Top of Input data

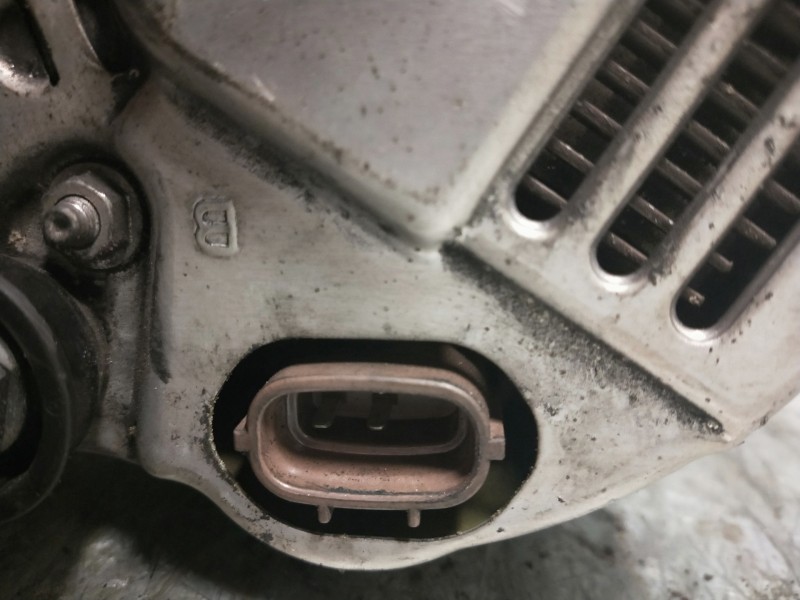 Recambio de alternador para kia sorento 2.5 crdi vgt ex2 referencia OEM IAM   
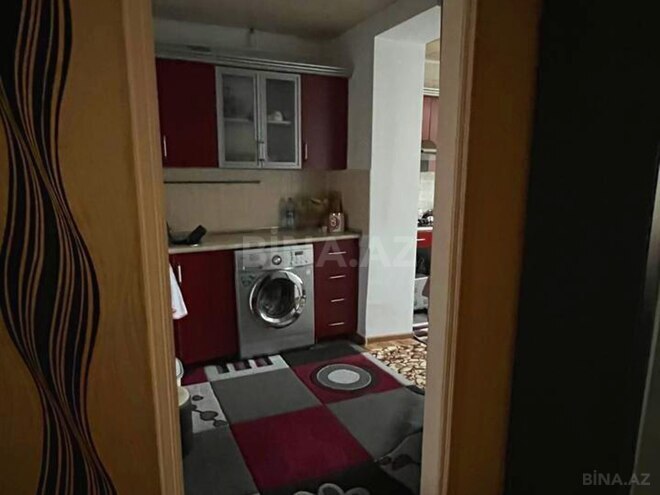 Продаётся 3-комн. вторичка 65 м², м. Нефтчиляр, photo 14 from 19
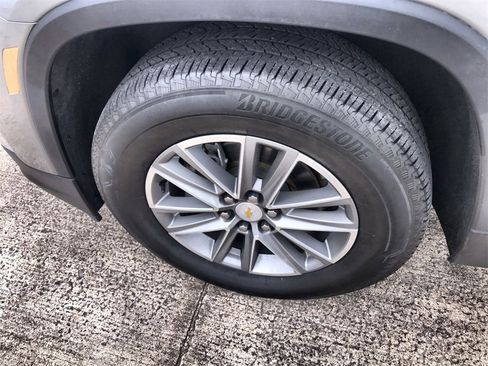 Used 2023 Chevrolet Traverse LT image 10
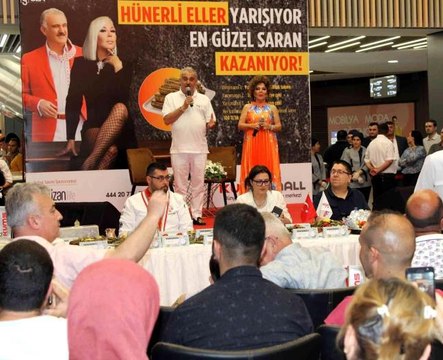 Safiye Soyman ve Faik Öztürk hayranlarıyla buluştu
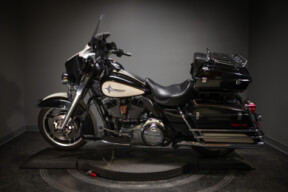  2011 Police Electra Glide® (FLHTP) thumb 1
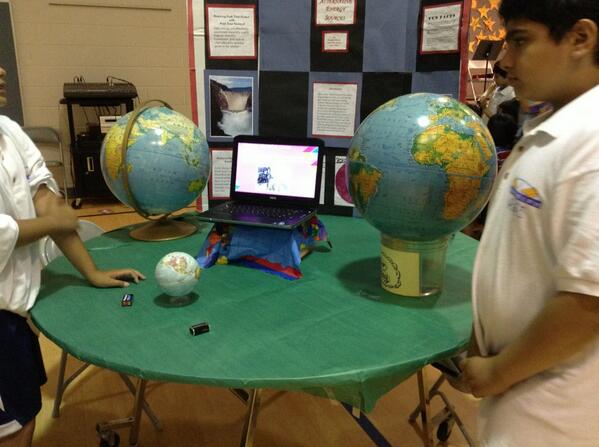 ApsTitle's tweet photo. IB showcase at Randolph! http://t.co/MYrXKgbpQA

Bottom of Input data

## Directions for this task
Retype every entry word for word, but do not carry over the pictures.

## Exercise output
 Recambio de alternador para kia sorento 2.5 crdi vgt ex2 referencia OEM IAM   
 Продаётся 3-комн. вторичка 65 м², м. Нефтчиляр, photo 14 from 19
 Used 2023 Chevrolet Traverse LT image 10
 Safiye Soyman ve Faik Öztürk hayranlarıyla buluştu
  2011 Police Electra Glide® (FLHTP) thumb 1
 ApsTitle's tweet photo. IB showcase at Randolph! http://t.co/MYrXKgbpQA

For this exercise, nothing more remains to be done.